I guess I don't really understand this part. There just (to me) sound like so many downsides to offering a separate API for exposing multiple "main" entries:
I understand the appeal of custom-named-main(s) from a general desire to have descriptive names everywhere extended to the application entry point(s). But I guess I'm having trouble coming up with a scenario where an app author is going to be more productive, less confused, or learns more quickly because of the custom entrypoint names feature.
Richard Feldman said:
right now I think it's mostly a downside - not just because it's a semantic addition to the language, but also because it makes it easier to make an API that has no observable performance problems when you're testing your webserver locally, but then runs into serious contention problems when you get your first traffic spike
I don't think this is true. If I understand you correctly, you are saying, that when you have your data behind a lock/mutex, then the webserver is slow on traffic spikes.
Take redis for an example. Redis is an inmemory database that is basically single threaded. But nobody would say, that redis runs into serious problems on traffic spikes. I think the contrary is true. You bring in redis (or an opensource alternative) when you get your first traffic spike.
Another example is SQLite. SQLite allows parallel read transactions but only one simultaneous write transaction. There is debate, if SQLite is fast enough to be used as the main database. But it seems fast enough, that a popular Web-Framework supports it :wink:. I don't think, that SQLite should be removed from basic-webserver, because it is a footgun on the first traffic spike.
At the moment, having inmemory data in a roc webserver is slower, then it has to be. At the moment, that lock/mutex has to be set in the host, before Roc is called
set_lock(
call_roc(
do_application_logic,
save_data,
)
)
If Roc would support effects that can access the data, this could be changed to:
call_roc(
do_application_logic,
set_lock(
save_data,
)
)
If you accept, that inmemory data can be fast, at least in some usecases, then it can be a big win. There is an interview from Kris Jenkins (Developers Voices) with Evan Czaplicki.

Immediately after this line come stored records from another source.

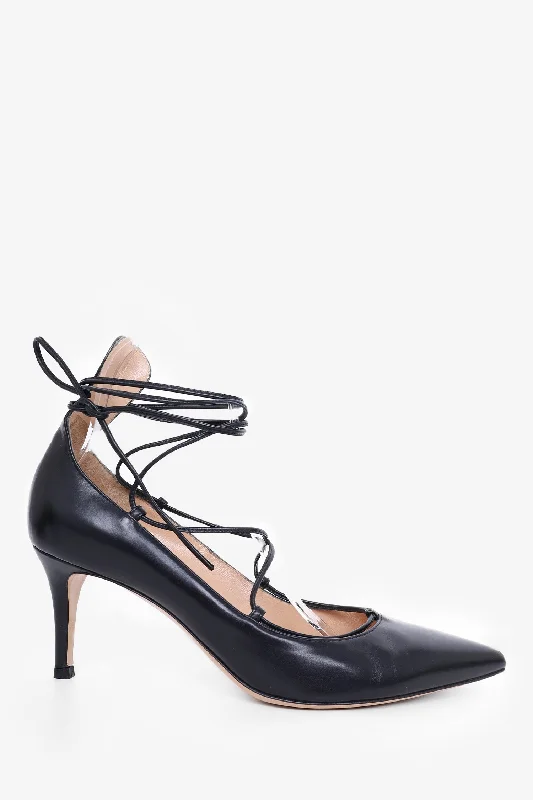 Stylish Lace Pumps for a Chic Look--Gianvito Rossi Black Lace Up Pumps Size 39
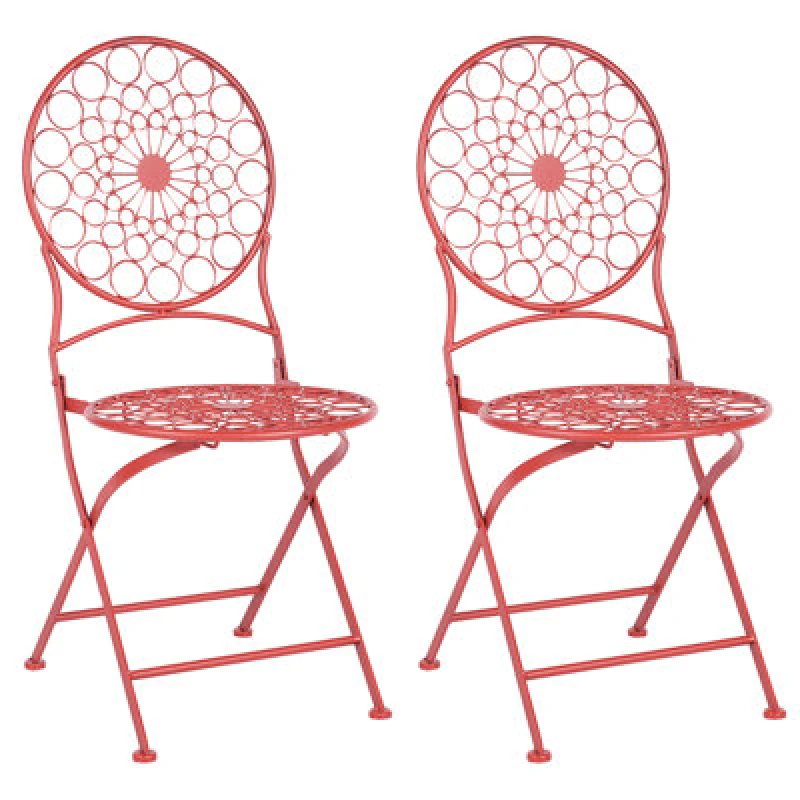 Image of Beliani Set Of 2 Garden Chairs Scario Metal Red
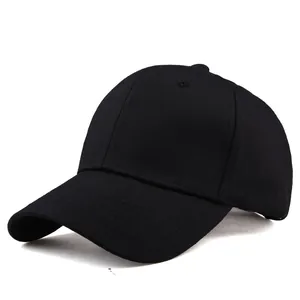 Side view of black cotton baseball cap showing six-panel structure and curved visor detail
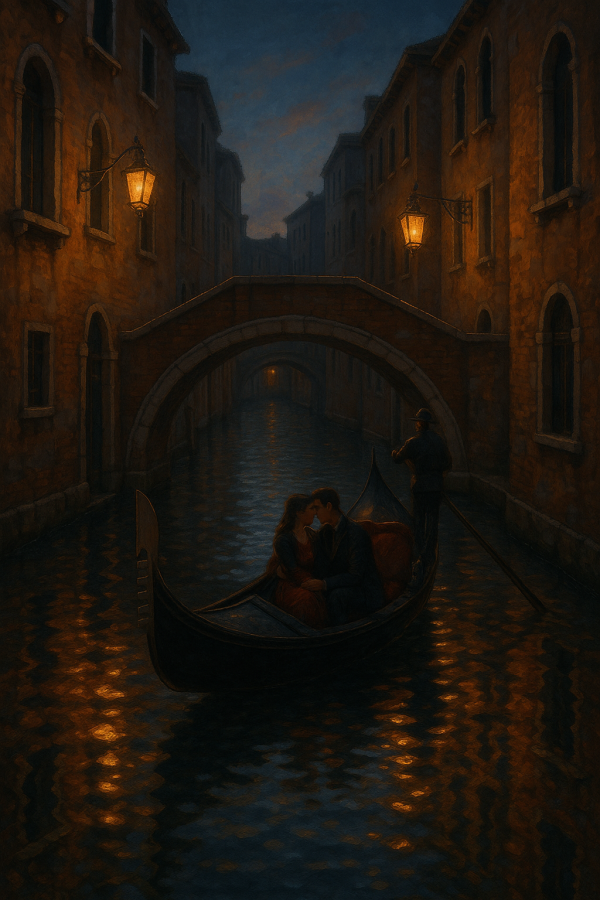 1908_venetian gondola romance_simple, printable art, 300 DPI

In around minute 14 Even is talking about the gain for functional programming, when type safety is flowing around the hole stack. So when you make a change to the database, you can see nice error messages on the frontend. He is saying, that this could be huge and that is, what the companies he is talking to, really want.
I think that this can already accomplished with Roc+htmx when you safe the data in a Model. With htmx, there is no client state, all state is on the server. When you don't have a separate database, then Roc guaranties, the type safety throw the hole stack. Its like an ORM but without the abstraction cost.
In conclusion, I think a webserver with typed inmemory data is not a footgun, but should be explored further.
wow, TIL about redis being single-threaded! I want to read up more about this, because that definitely changes some assumptions I had :astonished:
Redis definitely runs into traffic spikes :sweat_smile: but I've solved that in other ways, by sharding it or reducing write load (all operations are async and reads are always fine)
You can do a lot with a single thread and smart io handling. Redis just has to be able to hit the limits of the network card and it is only a kv lookup, so generally does very little cpu work.